Os países que adotam o perfil partidário foram colocados no espaço exclusivo do Legislativo porque em todos eles a indicação e a seleção são realizadas dentro do Parlamento e considerando o tamanho da bancada de cada partido. Além disso, quando o perfil é partidário, não significa que apenas os partidos selecionam os membros do OE, mas tão-somente que esses membros possuem vínculos partidários.

Podemos notar, na Figura_1, que o Legislativo é a instituição que mais participa da indicação e da seleção dos membros dos OEs entre os países latino- americanos analisados. O Legislativo não participa desse processo apenas em Costa Rica, Brasil, Chile e Peru. Na Argentina, o Legislativo não participa da indicação e da seleção apenas dos membros do OE vinculado ao Executivo. No OE responsável pelo contencioso eleitoral, participam o Legislativo, o Executivo e um órgão externo, nesse caso, o Conselho de Magistratura.
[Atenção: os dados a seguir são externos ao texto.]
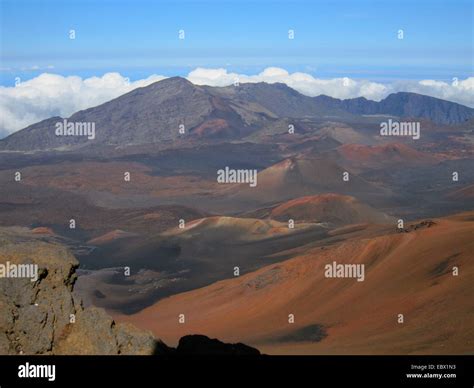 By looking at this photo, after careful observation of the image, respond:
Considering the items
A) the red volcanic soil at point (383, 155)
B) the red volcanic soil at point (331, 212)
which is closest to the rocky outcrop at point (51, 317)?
the red volcanic soil at point (331, 212)

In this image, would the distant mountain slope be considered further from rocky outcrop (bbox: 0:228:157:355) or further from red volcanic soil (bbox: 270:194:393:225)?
rocky outcrop (bbox: 0:228:157:355)

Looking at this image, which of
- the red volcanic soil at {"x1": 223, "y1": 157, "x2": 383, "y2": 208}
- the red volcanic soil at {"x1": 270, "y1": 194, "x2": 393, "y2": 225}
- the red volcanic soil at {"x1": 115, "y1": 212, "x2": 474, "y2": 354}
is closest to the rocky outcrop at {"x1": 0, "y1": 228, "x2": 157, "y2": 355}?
the red volcanic soil at {"x1": 115, "y1": 212, "x2": 474, "y2": 354}

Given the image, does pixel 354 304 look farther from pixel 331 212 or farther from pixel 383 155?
pixel 383 155

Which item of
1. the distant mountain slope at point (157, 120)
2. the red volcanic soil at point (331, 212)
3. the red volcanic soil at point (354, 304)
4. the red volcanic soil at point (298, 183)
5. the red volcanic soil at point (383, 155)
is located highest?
the distant mountain slope at point (157, 120)

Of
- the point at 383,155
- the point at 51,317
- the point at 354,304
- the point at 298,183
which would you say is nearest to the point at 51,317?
the point at 51,317

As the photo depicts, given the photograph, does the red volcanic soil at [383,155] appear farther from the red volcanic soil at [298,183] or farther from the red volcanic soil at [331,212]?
the red volcanic soil at [331,212]

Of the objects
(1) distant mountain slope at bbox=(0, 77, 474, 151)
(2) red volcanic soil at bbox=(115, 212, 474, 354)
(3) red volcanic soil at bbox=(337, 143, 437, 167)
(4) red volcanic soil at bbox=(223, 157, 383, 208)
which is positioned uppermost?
(1) distant mountain slope at bbox=(0, 77, 474, 151) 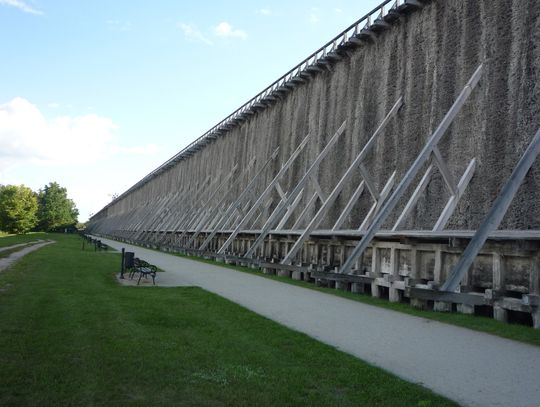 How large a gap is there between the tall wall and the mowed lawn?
7.86 metres

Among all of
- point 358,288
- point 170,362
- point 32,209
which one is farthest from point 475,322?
point 32,209

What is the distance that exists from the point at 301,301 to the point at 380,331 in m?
3.66

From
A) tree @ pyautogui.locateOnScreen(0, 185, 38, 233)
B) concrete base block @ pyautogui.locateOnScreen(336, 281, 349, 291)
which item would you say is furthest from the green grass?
tree @ pyautogui.locateOnScreen(0, 185, 38, 233)

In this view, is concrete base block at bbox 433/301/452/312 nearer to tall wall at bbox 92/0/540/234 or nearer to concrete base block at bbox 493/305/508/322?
concrete base block at bbox 493/305/508/322

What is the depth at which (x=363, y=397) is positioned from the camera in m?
4.81

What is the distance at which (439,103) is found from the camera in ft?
52.5

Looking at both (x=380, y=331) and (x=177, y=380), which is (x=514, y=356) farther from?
(x=177, y=380)

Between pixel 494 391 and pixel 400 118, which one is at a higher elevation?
pixel 400 118

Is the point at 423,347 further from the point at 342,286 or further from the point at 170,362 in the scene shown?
the point at 342,286

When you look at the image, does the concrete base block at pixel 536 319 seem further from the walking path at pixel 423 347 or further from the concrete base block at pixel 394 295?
the concrete base block at pixel 394 295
No Chile e no Peru, países duplamente independentes, o Legislativo não participa da indicação e seleção dos membros de nenhum OE. No Peru, órgãos externos aparecem com maior relevância na formação de seus OEs. Nesse país, a participação de universidades e do Conselho de Magistratura em ambos os OEs.

No Chile, a responsabilidade pela formação dos OEs é dividida: a que trata da administração e execução é de responsabilidade exclusiva do Executivo; a que decide sobre o contencioso eleitoral é de responsabilidade exclusiva do Judiciário.
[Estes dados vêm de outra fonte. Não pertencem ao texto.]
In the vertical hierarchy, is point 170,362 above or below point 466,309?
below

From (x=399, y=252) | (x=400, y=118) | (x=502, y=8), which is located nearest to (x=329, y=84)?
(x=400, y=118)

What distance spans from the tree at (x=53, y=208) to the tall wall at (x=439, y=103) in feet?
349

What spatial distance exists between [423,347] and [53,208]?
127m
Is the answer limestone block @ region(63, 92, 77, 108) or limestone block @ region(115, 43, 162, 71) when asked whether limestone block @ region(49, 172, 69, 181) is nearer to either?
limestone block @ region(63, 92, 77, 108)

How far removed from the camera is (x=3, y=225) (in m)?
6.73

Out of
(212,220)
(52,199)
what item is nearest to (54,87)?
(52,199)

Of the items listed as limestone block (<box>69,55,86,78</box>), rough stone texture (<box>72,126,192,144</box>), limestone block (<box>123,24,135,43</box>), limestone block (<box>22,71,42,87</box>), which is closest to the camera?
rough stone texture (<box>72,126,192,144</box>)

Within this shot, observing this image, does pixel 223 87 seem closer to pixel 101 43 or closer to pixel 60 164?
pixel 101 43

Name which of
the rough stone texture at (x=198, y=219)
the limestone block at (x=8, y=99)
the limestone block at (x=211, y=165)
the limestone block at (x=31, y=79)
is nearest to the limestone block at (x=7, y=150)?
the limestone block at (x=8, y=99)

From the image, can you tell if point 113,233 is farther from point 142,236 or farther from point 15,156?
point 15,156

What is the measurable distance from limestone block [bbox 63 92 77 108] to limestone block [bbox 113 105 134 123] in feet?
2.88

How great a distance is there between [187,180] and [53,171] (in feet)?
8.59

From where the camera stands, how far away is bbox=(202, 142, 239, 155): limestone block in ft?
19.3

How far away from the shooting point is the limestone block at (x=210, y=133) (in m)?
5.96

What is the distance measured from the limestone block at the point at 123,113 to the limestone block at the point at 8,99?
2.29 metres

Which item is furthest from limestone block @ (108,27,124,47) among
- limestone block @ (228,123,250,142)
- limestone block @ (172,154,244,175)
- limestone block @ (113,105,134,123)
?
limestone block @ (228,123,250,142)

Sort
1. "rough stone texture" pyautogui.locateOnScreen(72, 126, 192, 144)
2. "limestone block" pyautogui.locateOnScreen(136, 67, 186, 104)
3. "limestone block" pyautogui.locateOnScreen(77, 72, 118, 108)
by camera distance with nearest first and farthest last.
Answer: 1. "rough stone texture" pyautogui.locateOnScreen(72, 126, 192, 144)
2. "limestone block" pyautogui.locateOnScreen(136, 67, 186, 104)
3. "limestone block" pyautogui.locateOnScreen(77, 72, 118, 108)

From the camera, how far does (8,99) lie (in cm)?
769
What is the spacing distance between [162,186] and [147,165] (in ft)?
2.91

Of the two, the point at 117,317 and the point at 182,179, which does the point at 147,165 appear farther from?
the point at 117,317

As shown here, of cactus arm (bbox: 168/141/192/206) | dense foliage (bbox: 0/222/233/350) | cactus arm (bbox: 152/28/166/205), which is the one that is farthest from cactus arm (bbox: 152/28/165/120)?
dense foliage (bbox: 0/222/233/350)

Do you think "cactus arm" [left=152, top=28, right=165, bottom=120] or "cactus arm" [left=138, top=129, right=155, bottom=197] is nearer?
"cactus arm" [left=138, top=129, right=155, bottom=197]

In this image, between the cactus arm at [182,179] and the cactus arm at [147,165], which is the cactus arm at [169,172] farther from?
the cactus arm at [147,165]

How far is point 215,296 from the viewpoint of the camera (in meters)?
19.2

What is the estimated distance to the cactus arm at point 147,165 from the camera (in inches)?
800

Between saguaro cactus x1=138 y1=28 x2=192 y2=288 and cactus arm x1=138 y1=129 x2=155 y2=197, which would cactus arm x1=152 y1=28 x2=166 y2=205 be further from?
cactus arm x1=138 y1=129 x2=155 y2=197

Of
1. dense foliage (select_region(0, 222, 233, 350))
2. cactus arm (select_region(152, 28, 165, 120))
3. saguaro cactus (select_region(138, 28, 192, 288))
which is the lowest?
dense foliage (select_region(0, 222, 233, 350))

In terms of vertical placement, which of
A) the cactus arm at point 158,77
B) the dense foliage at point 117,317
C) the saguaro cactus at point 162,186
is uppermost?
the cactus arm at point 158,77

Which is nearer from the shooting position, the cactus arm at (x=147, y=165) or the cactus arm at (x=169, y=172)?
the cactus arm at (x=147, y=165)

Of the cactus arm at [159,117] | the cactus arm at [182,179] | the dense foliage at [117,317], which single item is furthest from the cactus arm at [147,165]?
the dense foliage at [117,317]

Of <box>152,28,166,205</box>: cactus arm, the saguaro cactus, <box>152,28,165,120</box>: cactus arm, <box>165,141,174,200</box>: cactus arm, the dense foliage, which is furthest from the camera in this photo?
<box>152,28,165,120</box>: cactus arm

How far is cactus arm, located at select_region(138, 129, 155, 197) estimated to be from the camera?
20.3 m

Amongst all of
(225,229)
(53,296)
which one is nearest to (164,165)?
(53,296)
Os únicos países que concentram as atividades da governança eleitoral em um único OE e que excluem o Legislativo da formação desses OEs são o Brasil e a Costa Rica.

Na Costa Rica, a responsabilidade pela indicação e seleção dos membros do OE é exclusiva da Corte Suprema de Justiça. O Tribunal Supremo de Eleições é composto de três membros, com um mandato de oito anos. O requisito mínimo para a seleção desses membros é que sejam bacharéis em Direito e possuam experiência profissional.

Dois fatores devem ser destacados no caso da Costa Rica. O primeiro é que no país não a "regra da interseção", ou seja, os membros do OE não são membros da Corte Suprema de Justiça. Outro destaque é sobre o perfil da Corte Suprema: todos os seus ministros são eleitos pelo Parlamento para um mandato de oito anos, contrariando o princípio republicano clássico, que não atribui mandato para os membros de Cortes constitucionais.

Sendo assim, no Brasil, a governança eleitoral possui uma combinação de elementos ímpar entre os países latino-americanos analisados: concentra as atividades da governança em um único OE (rule application e rule adjudication), possui a "regra da interseção" e exclui o Legislativo da indicação e da seleção dos membros do OE.

Segundo o que defendemos, essa combinação atípica contribui fortemente para que a judicialização da competição político-partidária seja possível. Para melhor tratarmos disso, a seguir traçamos o perfil mais detalhado sobre a governança eleitoral no Brasil e avançamos sobre a questão da judicialização.

O MODELO BRASILEIRO DE GOVERNANÇA ELEITORAL A Justiça Eleitoral brasileira é produto da Revolução de 1930, e, como tal, sua fundação foi inspirada pelas bandeiras levantadas na época: críticas à oligarquia competitiva, que se havia instalado ao longo da Primeira República, e o evidente descrédito do processo eleitoral, marcado pelo poder dos coronéis e pelo "voto de cabresto".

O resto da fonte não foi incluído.